* **WORK REQUIRED**:
The task for the listing below is to write out exactly the lines starting at the one containing "El Paso Strong American Texas Heart Tumbler" and ending at the one containing "Men's Nike Baltimore", both included. Pictures are to be omitted.

=-=-=-=-=

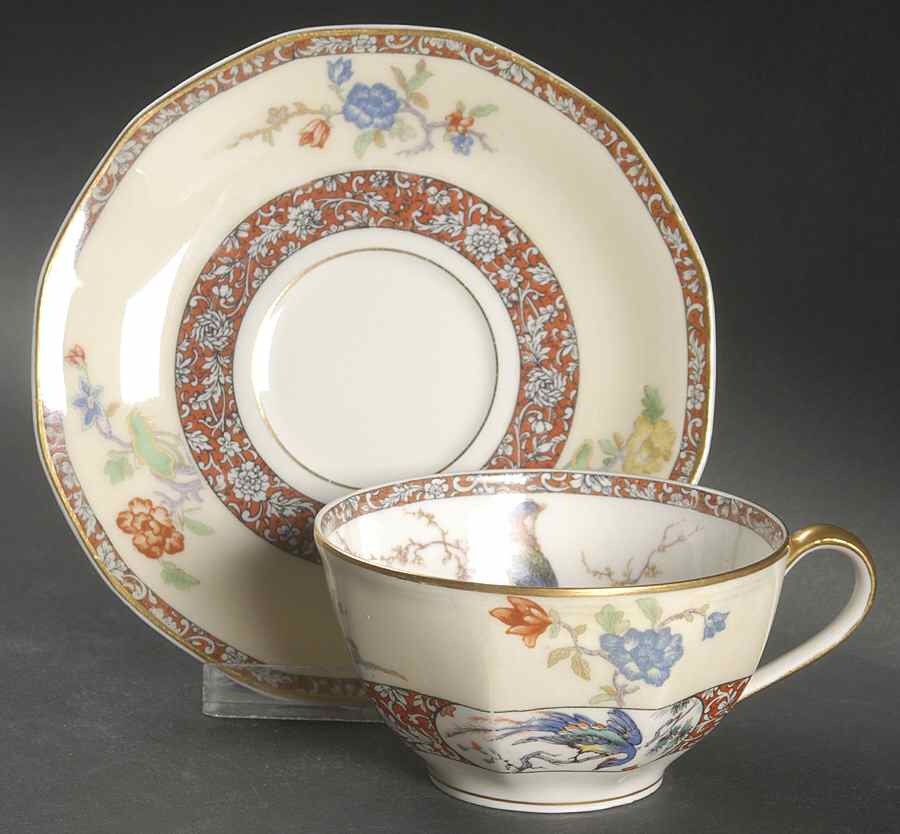 Nabob Flat Cup & Saucer Set by Haviland-1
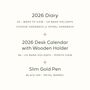 Personalised 2026 Diary And Desk Accessories Gift Set For Her, thumbnail 3 of 12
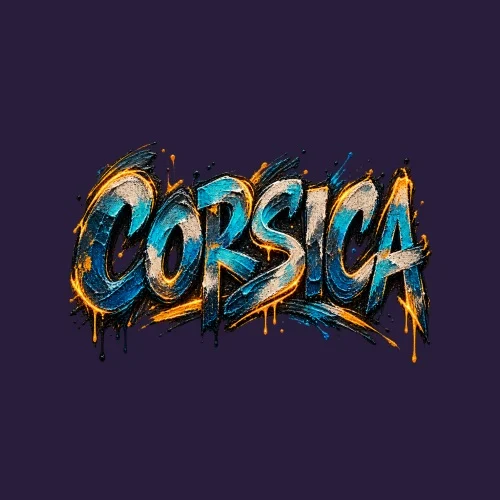 Corsica urbain style graffiti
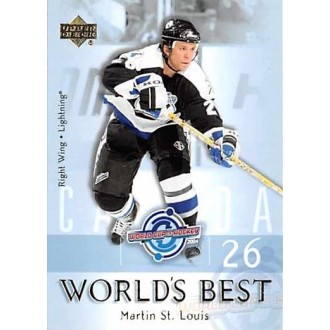 Insertní karty - St.Louis Martin - 2004-05 Upper Deck Worlds Best No.WB3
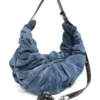 grab-d hobo l Grab-D-Large scrunched hobo bag in treated denim grab-d hobo l Grab-D-Large scrunched hobo bag in treated denim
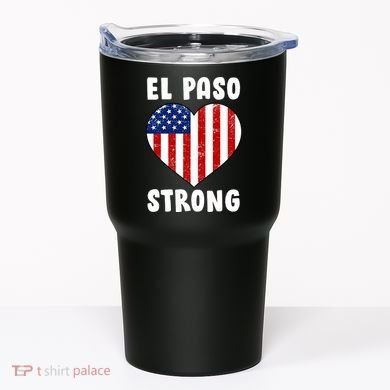 El Paso Strong American Texas Heart Tumbler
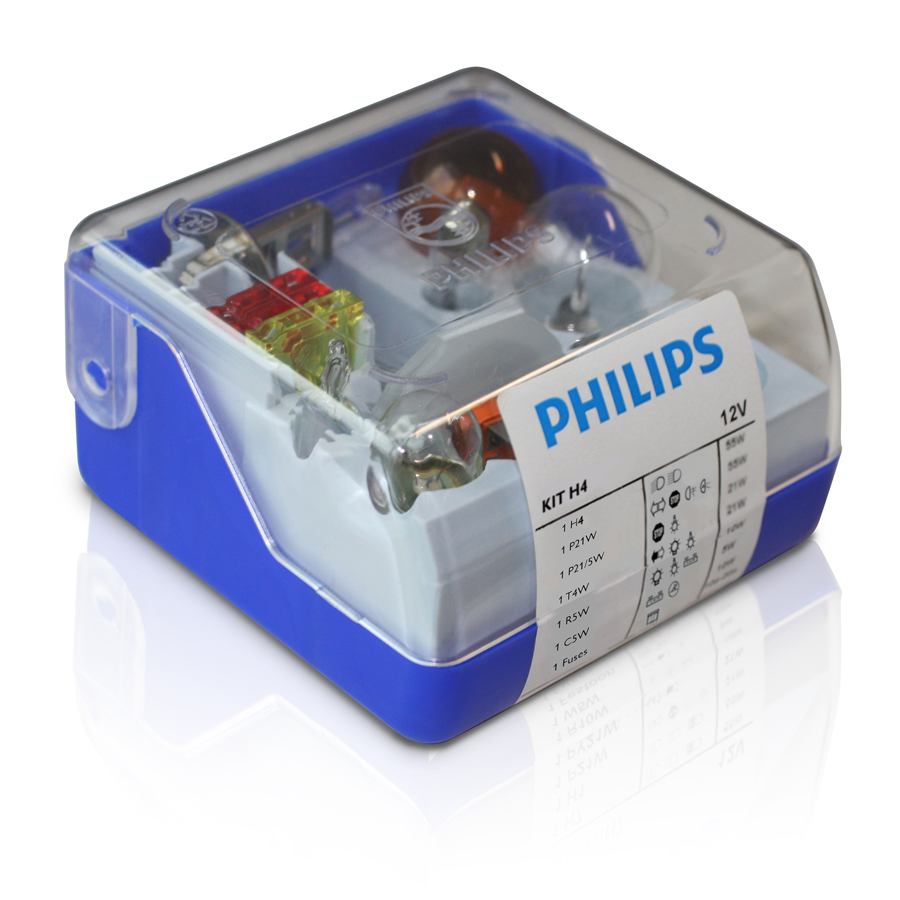 Philips H4 Ersatzlampenkasten, 9-teilig - ATU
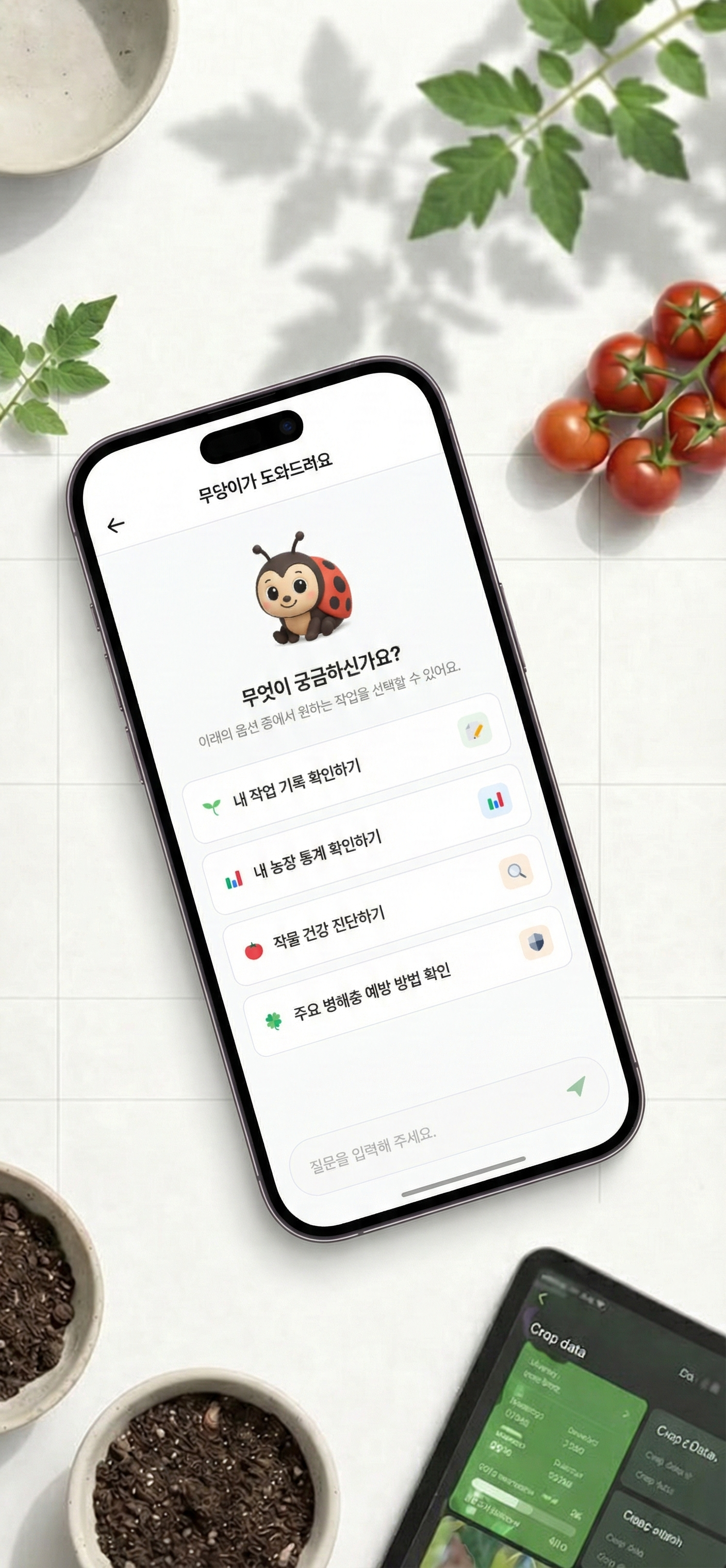 AI 챗봇 무당이 화면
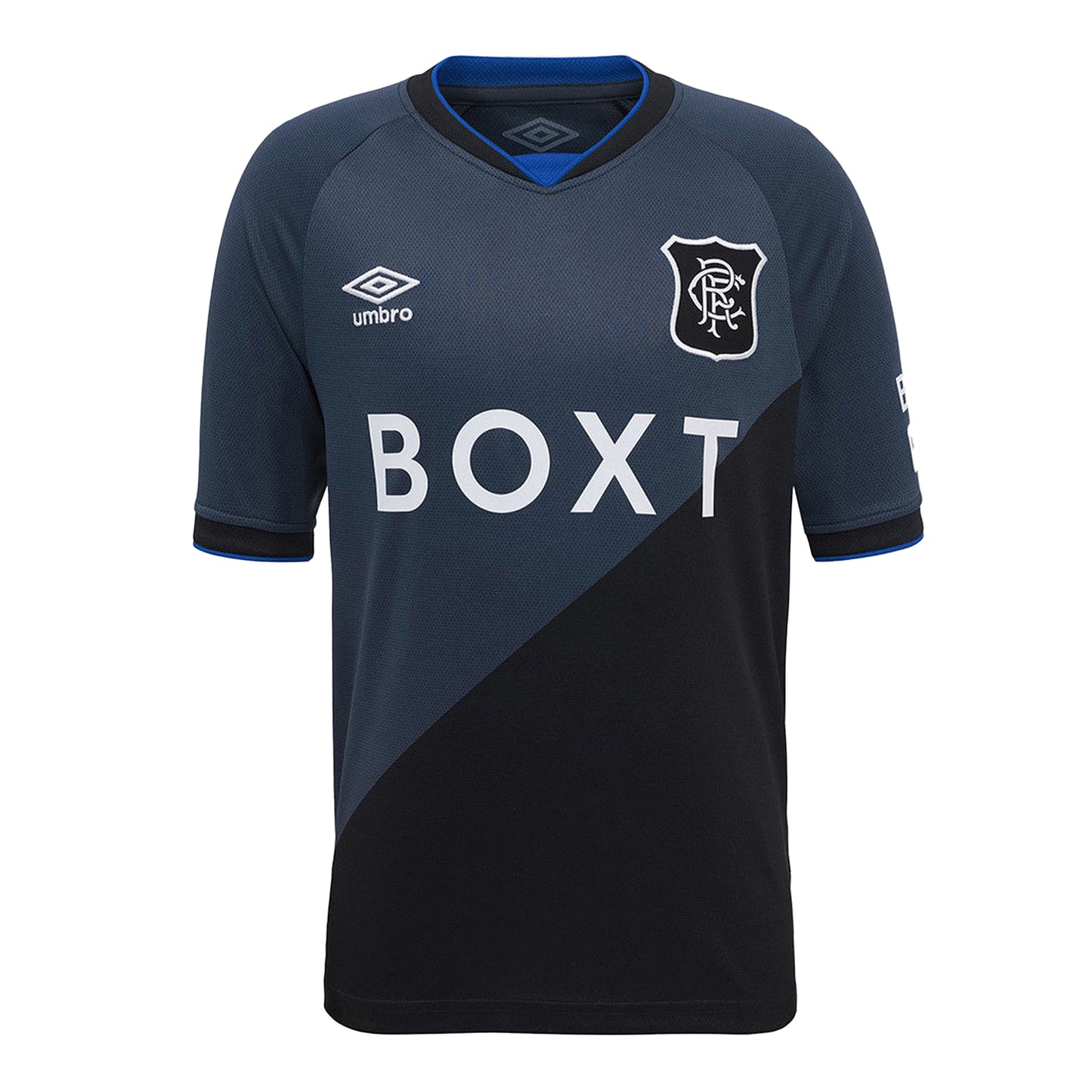 Mood Indigo-Caviar - Front - Umbro Childrens-Kids 25-26 Rangers FC Short-Sleeved Third Jersey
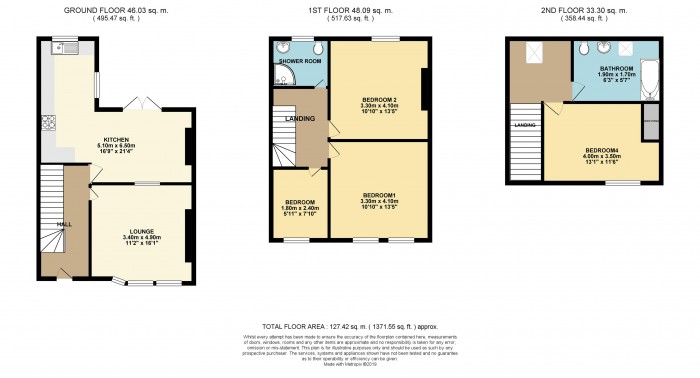 Floorplans For Ferndale Road, Hoylake, Wirral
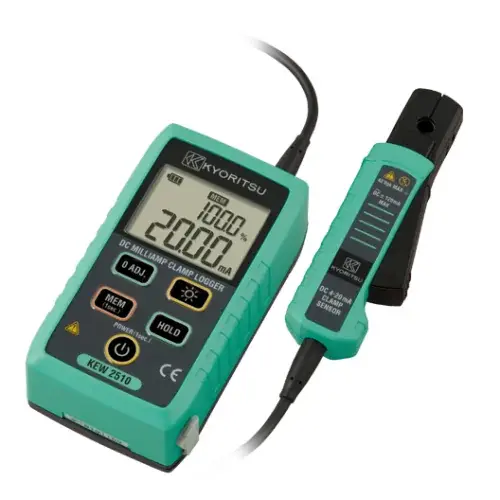 Kyoritsu KEW 2510 Bluetooth'lu Kayıtlı DC Miliamper Pensampermetre (4–20 mA)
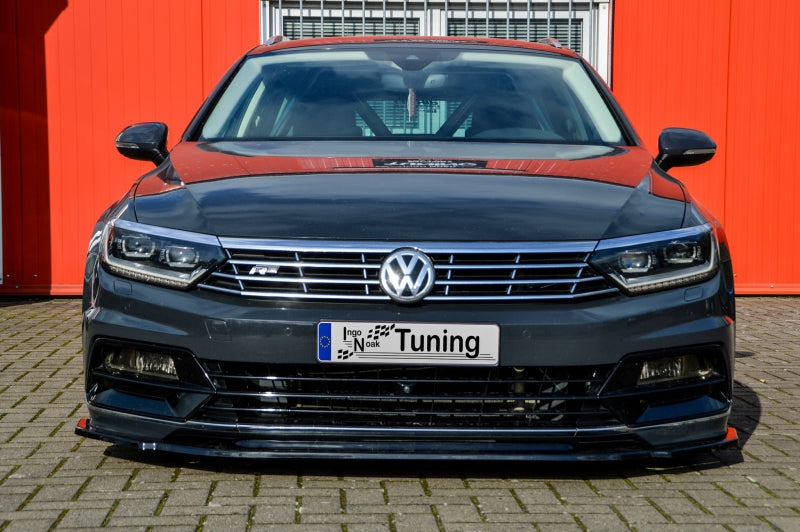 CUP Frontspoilerlippe ABS Volkswagen Passat 3G, B8 R-Line Schwarz Glanz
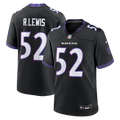Men's Nike Baltimore Ravens Ray Lewis Black Alternate Retired Player Game NFL Jersey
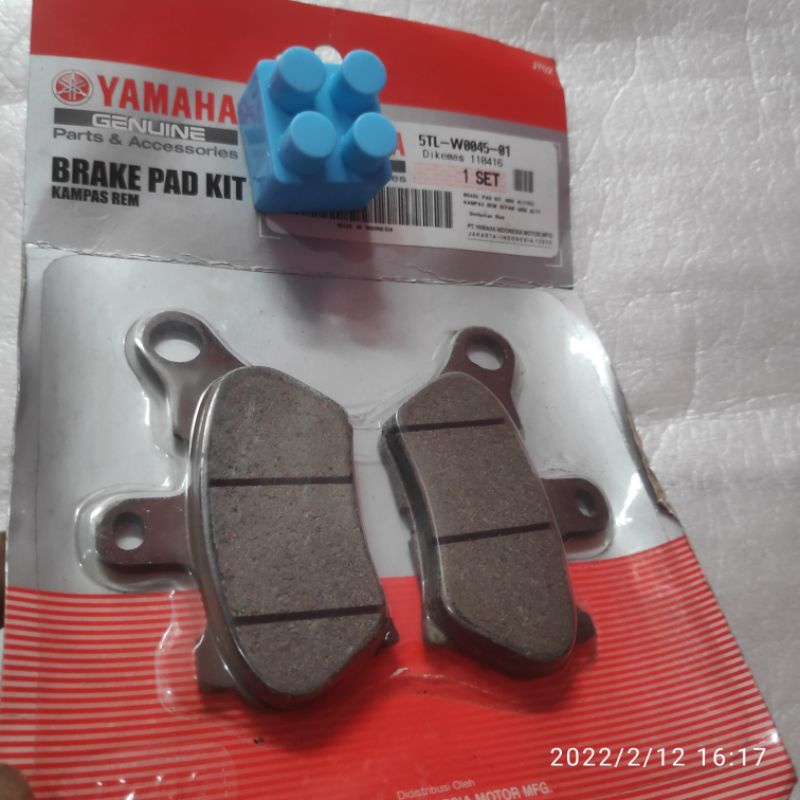 DISCPAD KAMPAS REM DEPAN MIO SPORTY LAMA 2003-2007 ORIGINAL ORI YAMAHA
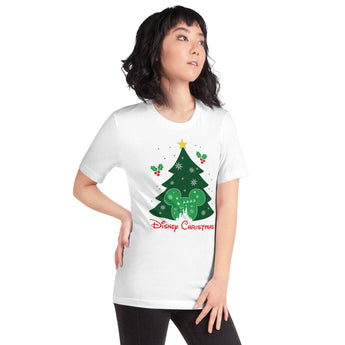 Disney Christmas With Green Mickey Head - Park Shirts Store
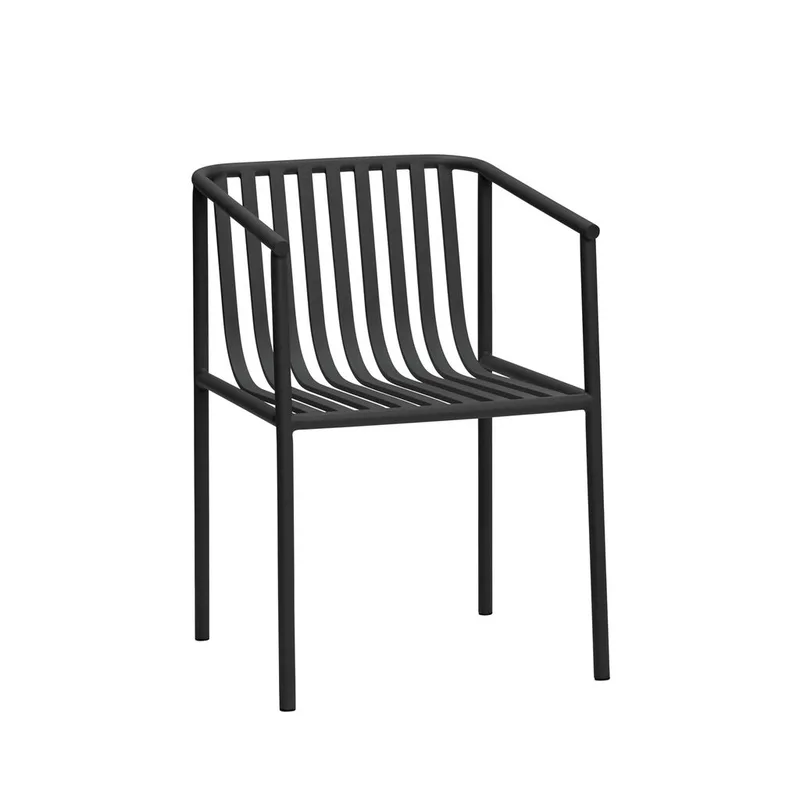 Villa Chair Black von Hübsch – Produktfoto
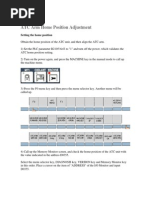 ATC Arm Home Position Adjustment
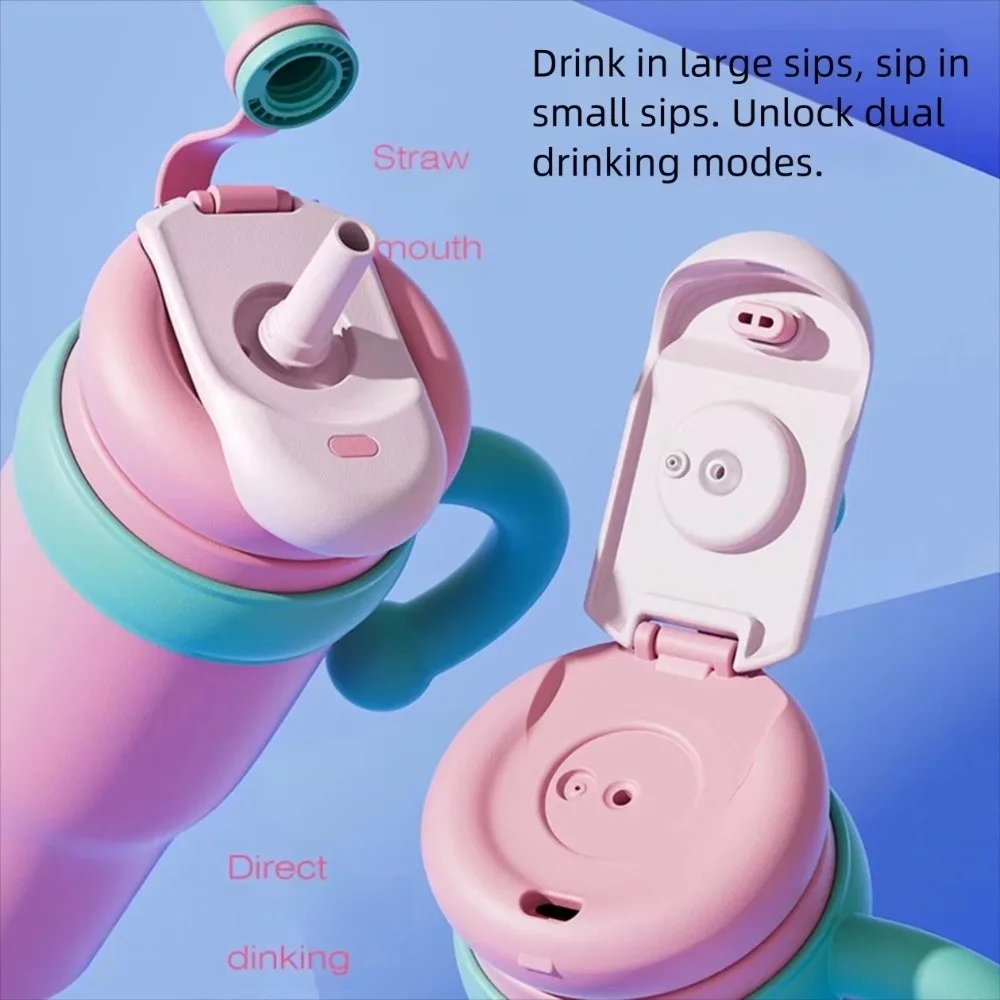 1000ml Thermal Water Bottle Creative Leak Proof Drinking Straw Cup Ceramic-coated Large Capacity Stainless Steel Vacuum Flask 
1000ml Thermal Water Bottle Creative Leak Proof Drinking Straw Cup Ceramic-coated Large Capacity Stainless Steel Vacuum Flask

=-=-=-=-=

* **TASK RESULT**:
 El Paso Strong American Texas Heart Tumbler
 Philips H4 Ersatzlampenkasten, 9-teilig - ATU
 AI 챗봇 무당이 화면
 Mood Indigo-Caviar - Front - Umbro Childrens-Kids 25-26 Rangers FC Short-Sleeved Third Jersey
 Floorplans For Ferndale Road, Hoylake, Wirral
 Kyoritsu KEW 2510 Bluetooth'lu Kayıtlı DC Miliamper Pensampermetre (4–20 mA)
 CUP Frontspoilerlippe ABS Volkswagen Passat 3G, B8 R-Line Schwarz Glanz
Men's Nike Baltimore Ravens Ray Lewis Black Alternate Retired Player Game NFL Jersey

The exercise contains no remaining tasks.